Prompt. Repeat the records below exactly from the line containing "field grass is" to the line containing "A Mocsári béka jellegzetességei", taking in both of those lines. Drop the pictures.
Data section Start Marker
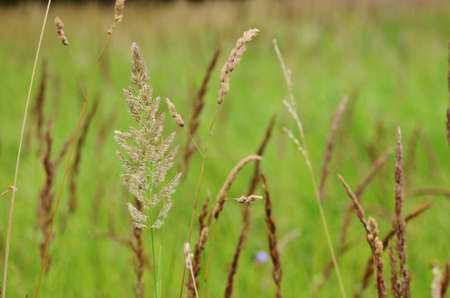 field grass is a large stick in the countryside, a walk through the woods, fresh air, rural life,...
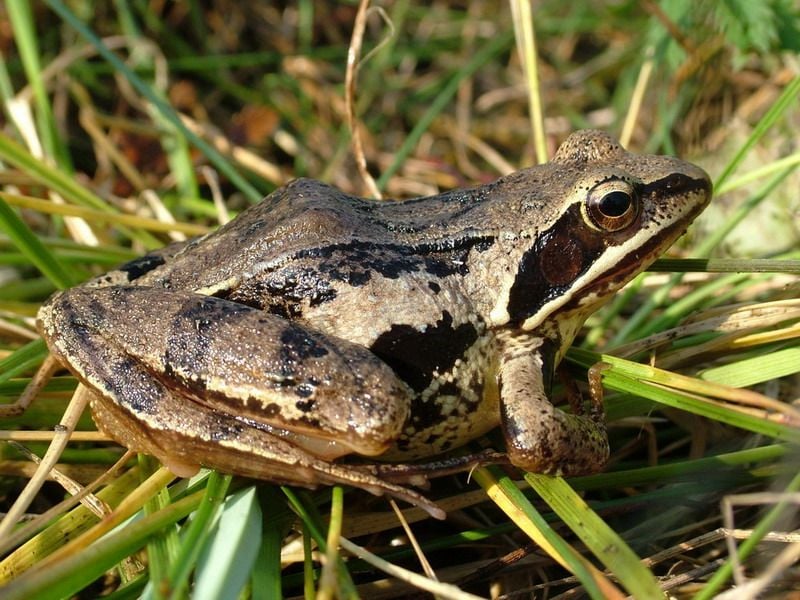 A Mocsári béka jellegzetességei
Data section End Marker
Data section Start Marker
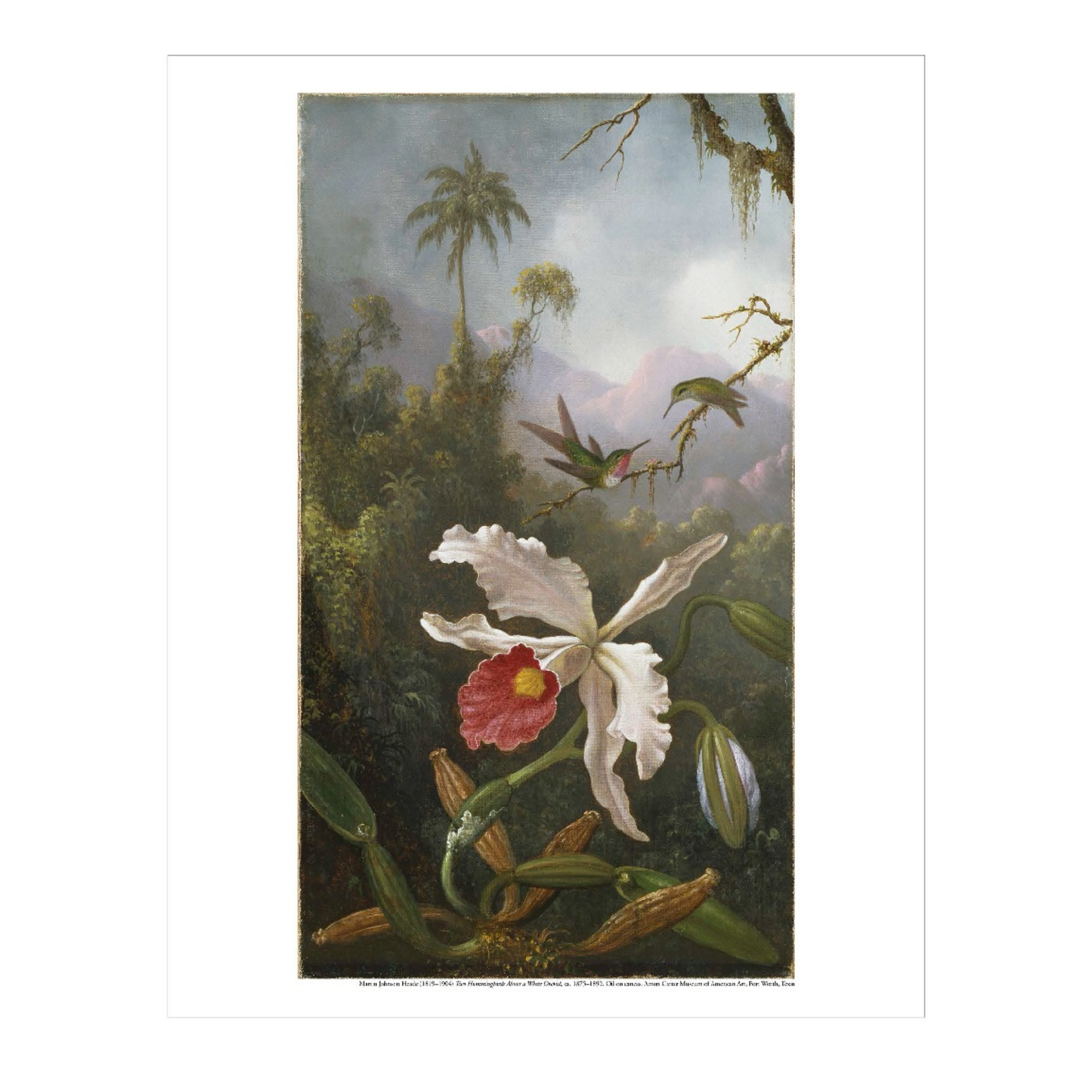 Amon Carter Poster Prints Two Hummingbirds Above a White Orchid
Data section End Marker
Result.
 field grass is a large stick in the countryside, a walk through the woods, fresh air, rural life,...
 A Mocsári béka jellegzetességei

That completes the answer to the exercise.